В русской поэзии Церера предстает рослой дебелой старухой с тщательно уложенными волосами, в белом платье и шали, с профилем, напоминающим Екатерину Великую. Помона же - богемная босоножка среднего возраста в бесформенной дерюжной рясе, вся седая. Она выходит и начинает частить, немного истерично: август - астры, август - звезды, август - грозди винограда и рябины ржавой - август!
В ответ на это Церера, окинув ее с головы до ног надменным взглядом, своим жирным голосом прерывает: он и праведный, и лукавый, и всех месяцев он страшней: в каждом августе, Боже правый, столько праздников и смертей. Тут к ним присоединяется вертлявый и лысый Вертумн, начинающий скороговоркой щеголять своими превращениями: уж в августе темнее ночи, а под деревьями еще темнее. Я в сад не заходил нарочно, попутчика нашел себе случайно… Он был высокий, в серой кепке, в потертом несколько, но модном платье.
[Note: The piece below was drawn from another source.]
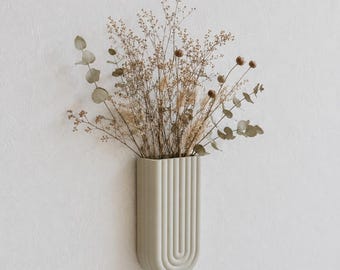 Minimalist Hanging Flower Holder | Scandinavian Botanical Display | 3D Printed PLA Vessel | Modern Floral Accent | Japandi Home Styling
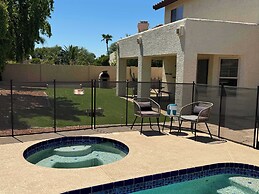 Red Mountain Retreat 5 BDR w/ Heated Pool!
А из- под земли рокочет голос Плутона: вы шли толпою, врозь и парами, вдруг кто-то вспомнил, что сегодня шестое августа по старому, Преображение Господне.
Обыкновенно свет без пламени исходит в этот день с Фавора, и осень, ясная, как знаменье, к себе приковывает взоры. И вы прошли сквозь мелкий, нищенский, нагой, трепещущий ольшаник в имбирно-красный лес кладбищенский, горевший, как печатный пряник.
Все боги равно правы и равно велики.